Since New York began the offseason with plenty of money to spend, the expectation was that their general manager, Joe Douglas, would address some of those needs in the secondary in free agency. Their starting free safety, Marcus Maye, was already set to depart as a free agent after playing on the franchise tag in 2021, and only Bryce Hall has seemed worthy of a long-term investment at cornerback.

While Douglas did start off this free agency period by re-signing safeties LaMarcus Joyner, Will Parks, and Elijah Riley, those aren’t moves that have elevated the Jets’ roster from where it was last season. Signing cornerback D.J. Reed and safety Jordan Whitehead have helped, but missing out on Williams could haunt the Jets.

Of all free agent safeties this offseason, it was Williams who was the best option available. In fact, he had proven himself to be one of the best secondary defenders in football since joining the NFL in 2017—Minneapolis Miracle aside.
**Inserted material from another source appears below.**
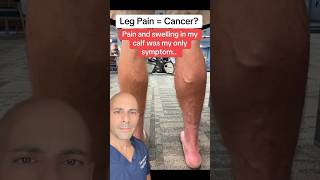 Leg Pain 1st Sign of Cancer shorts [upl. by Mcgraw]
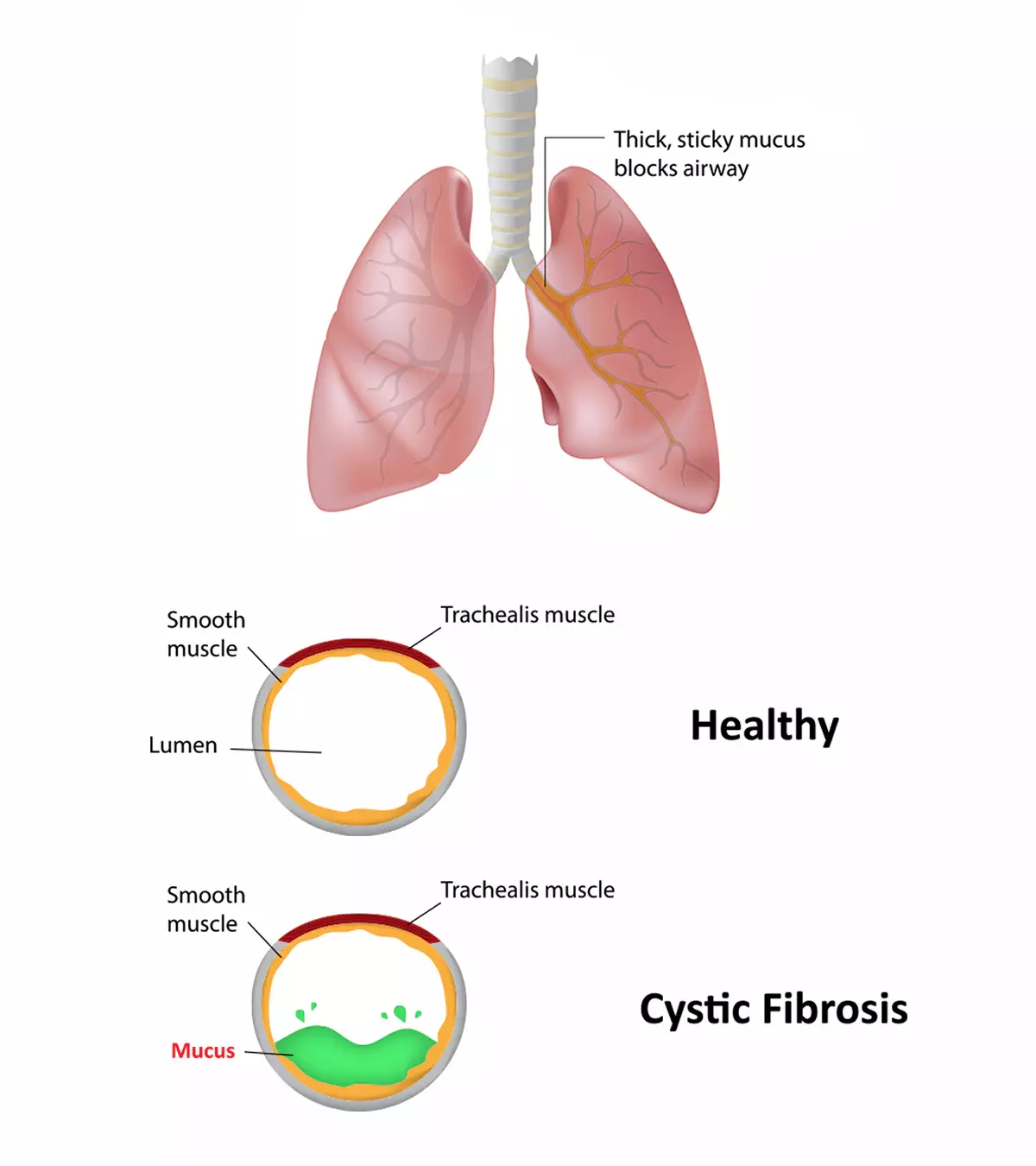 Cystic Fibrosis In Children – Causes, Symptoms & Treatment_image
In his five years in the league, the free safety has recorded 15 interceptions, 38 passes defended, and three forced fumbles. Williams has only continued to improve in his pass coverage every year he’s been a pro as well, culminating in a career-low 48.8% completion rate when targeted in 2021.

Not only do Williams’ numbers pop, but he’ll also have just turned 26 when the 2022 season begins. Considering he’s so young and has only improved every year in the NFL, one might think the cost to bring in the best free-agent safety available would be high. After all, former Jets safety Jamal Adams just became the highest-paid safety in NFL history at age 26 when he locked in a four-year, $72 million contract with the Seahawks last August. Another ball-hawk safety, the Vikings’ Harrison Smith, locked in a big contract of his own last year as well—one worth $16 million APY.

That being the case, the five-year, $70 million contract Williams ended up getting is kind of a steal for the Ravens. Some expectations were that the former Saint would get top dollar as the best safety free agent available. The $14 million APY value of his new contract doesn’t even break him into the current top five of the NFL’s highest-paid safeties.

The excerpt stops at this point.